But today...today something happened. I wore a bikini.
Wearing a bikini to the pool is actually a common practice for many 20-somethings like myself. After my surgery, however, I resigned myself to a life in the one-piece. After all, I have a hard enough time looking at the bag of intestine and poop hanging from my abdomen; why expose the public to such an atrocity?
In the winter, when all the swimsuits hit the stores in preparation for spring, I bought what I thought was the closest thing I could get to normal swimwear: a very nice mono-kini. It covered up the bulge from my bag decently and allowed me to feel okay enough about my "beach bod". As long as people can't tell I have a bag, I'm good.

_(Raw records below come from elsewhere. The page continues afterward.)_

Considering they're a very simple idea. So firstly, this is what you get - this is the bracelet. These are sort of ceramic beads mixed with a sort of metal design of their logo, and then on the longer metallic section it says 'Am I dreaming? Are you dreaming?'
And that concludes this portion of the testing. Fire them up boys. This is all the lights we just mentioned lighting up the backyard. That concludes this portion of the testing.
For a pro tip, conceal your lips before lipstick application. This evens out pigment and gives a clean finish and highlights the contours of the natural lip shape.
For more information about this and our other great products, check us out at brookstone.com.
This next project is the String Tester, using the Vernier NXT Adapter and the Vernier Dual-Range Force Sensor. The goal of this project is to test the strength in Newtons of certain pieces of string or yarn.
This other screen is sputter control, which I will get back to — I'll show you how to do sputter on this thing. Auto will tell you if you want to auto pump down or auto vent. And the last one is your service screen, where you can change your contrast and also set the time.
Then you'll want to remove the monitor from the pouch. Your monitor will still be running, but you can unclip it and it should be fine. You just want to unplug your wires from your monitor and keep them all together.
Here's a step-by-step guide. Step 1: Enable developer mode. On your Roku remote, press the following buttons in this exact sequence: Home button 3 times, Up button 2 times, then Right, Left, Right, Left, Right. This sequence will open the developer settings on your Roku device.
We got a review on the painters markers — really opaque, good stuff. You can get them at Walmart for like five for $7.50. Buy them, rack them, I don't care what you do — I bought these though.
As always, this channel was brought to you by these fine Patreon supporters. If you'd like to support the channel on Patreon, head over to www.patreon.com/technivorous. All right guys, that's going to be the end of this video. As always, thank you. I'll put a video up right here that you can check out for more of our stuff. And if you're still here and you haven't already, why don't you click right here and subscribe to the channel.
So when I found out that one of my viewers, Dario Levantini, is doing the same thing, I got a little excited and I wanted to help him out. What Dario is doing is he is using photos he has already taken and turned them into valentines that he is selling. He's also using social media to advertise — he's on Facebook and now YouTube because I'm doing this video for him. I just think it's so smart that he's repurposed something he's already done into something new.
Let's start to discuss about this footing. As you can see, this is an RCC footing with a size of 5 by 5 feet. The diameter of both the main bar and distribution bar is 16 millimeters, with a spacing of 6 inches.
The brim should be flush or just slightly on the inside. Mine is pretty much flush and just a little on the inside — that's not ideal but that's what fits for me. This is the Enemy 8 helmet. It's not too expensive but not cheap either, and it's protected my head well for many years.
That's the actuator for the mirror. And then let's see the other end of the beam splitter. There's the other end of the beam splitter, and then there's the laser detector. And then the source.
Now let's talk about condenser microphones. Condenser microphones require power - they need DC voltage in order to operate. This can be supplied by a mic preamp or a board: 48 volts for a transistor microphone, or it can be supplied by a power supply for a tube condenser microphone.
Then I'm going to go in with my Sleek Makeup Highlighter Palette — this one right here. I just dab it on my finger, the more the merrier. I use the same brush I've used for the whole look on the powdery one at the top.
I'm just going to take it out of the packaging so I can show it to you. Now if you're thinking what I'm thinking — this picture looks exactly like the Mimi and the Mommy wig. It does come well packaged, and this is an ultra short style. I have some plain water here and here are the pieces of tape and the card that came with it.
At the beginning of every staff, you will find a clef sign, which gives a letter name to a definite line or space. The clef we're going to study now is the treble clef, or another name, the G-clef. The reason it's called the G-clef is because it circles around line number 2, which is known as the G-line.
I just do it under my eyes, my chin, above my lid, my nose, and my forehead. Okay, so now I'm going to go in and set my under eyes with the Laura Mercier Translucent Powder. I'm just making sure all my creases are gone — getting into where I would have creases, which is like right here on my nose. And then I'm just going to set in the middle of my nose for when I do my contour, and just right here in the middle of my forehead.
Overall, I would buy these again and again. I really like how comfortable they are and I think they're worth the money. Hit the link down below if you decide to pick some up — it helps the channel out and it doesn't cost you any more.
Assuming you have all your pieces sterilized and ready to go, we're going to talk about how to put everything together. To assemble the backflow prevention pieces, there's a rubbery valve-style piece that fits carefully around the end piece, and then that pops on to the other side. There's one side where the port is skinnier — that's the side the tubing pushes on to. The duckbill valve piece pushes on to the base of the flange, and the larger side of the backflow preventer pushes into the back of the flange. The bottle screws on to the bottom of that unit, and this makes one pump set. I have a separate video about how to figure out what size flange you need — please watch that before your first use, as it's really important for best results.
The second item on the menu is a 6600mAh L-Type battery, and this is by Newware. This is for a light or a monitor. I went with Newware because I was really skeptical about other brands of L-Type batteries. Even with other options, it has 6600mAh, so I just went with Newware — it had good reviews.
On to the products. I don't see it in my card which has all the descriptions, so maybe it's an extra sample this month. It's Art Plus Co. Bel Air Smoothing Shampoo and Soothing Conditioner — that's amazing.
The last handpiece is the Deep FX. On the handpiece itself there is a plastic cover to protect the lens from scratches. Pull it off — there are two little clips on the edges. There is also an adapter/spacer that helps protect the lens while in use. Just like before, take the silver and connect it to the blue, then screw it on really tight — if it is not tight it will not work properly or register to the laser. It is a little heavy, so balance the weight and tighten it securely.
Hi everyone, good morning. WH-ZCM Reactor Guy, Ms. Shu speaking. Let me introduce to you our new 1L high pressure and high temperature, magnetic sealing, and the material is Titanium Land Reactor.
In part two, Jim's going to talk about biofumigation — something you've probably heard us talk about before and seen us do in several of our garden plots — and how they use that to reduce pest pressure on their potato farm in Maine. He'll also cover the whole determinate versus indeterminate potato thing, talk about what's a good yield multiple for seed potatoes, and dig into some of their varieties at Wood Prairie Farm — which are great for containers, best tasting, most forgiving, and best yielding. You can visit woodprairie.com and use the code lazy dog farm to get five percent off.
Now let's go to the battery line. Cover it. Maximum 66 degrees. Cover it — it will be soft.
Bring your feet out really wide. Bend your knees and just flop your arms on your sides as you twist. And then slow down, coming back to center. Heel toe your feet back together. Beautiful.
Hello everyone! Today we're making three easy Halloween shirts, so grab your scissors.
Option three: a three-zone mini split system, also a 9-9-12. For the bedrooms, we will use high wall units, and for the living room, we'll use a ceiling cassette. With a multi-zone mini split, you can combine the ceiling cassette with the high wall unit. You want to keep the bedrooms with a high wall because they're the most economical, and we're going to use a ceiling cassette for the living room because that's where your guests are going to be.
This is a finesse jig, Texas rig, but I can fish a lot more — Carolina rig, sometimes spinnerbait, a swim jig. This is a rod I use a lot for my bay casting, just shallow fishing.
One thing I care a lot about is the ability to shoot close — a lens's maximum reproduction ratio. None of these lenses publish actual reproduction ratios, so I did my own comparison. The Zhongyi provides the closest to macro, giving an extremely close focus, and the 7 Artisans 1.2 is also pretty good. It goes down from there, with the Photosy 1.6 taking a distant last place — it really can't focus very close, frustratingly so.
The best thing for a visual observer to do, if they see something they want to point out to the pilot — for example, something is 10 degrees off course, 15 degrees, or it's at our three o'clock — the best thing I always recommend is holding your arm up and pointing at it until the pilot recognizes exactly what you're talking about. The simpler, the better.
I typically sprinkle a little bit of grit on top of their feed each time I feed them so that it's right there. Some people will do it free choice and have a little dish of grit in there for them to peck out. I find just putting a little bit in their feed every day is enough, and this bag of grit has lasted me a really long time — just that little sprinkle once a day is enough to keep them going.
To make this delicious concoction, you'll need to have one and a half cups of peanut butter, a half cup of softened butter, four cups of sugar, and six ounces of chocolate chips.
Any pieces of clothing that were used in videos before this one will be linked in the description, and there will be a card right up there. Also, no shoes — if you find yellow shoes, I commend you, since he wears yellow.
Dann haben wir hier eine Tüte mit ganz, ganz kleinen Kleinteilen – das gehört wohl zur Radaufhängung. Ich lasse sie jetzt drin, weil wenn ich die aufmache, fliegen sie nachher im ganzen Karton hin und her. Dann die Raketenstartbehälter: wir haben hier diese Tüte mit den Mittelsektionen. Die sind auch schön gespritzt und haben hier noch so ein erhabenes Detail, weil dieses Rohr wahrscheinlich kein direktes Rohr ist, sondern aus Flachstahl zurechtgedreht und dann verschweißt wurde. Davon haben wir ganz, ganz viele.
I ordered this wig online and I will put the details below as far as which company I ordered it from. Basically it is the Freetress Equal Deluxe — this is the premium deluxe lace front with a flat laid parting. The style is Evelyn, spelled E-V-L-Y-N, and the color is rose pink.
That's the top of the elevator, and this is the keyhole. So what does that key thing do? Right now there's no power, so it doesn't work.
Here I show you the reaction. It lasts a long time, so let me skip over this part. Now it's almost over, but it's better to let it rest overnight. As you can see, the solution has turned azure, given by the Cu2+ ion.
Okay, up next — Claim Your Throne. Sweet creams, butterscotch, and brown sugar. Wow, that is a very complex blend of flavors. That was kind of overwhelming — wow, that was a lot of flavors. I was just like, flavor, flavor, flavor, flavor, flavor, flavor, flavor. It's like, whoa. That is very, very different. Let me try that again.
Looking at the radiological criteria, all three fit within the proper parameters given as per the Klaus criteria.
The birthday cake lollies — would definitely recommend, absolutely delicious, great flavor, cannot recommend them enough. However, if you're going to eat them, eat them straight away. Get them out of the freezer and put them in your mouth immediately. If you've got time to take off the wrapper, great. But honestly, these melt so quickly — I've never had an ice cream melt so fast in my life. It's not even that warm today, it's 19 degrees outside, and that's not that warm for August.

A few weeks ago my husband mentioned he didn't think it would be such a terrible thing to wear a two-piece. Oh yeah, and flaunt my most major insecurity? Yeah, right! It's one thing to tell people, "I have an ostomy". It's quite another to go to a very public place with my body on display, and with it, a bag of my waste that, if removed, will show a stub of my intestine that on first glance looks like a very red male reproductive part. No, thank you!
Since then, I have gone to the pool a handful of times. Every trip I self consciously look down at my bathing suit, silently pleading and hoping that no one will detect an abnormality with my body.
Last Sunday, I found myself a prime opportunity to read by the pool. I couldn't find my one piece. I looked to my old bikinis which were in a give-away pile; they were challenging me. Maybe I could... But, my one piece turned up. How silly of me to even consider exposing my icky insecurity!
Ian's idea of my wearing a bikini came up again today at lunch with my parents. "He actually wants me to," I said. To my surprise, my parents agreed that it wouldn't be the worst or the grossest thing in the world. When it came time to get ready for the pool, I once again donned my one-piece. Then I got to thinking:
What is so bad about my bag? Why do I let it make me feel so...freakish? Is it so freakish? Doesn't everyone have that one weird thing that bothers them about their body?
I grabbed a bikini from what had been the give-away pile. I went to the pool in it. And you know what? It is the most confident I've felt in the eleven months and one day since my surgery. I was finally owning it.
|My sweetness and me at the pool!|
For you formed my inward parts;
You knitted me together in my mother's womb.
I praise You, for I am fearfully and wonderfully made.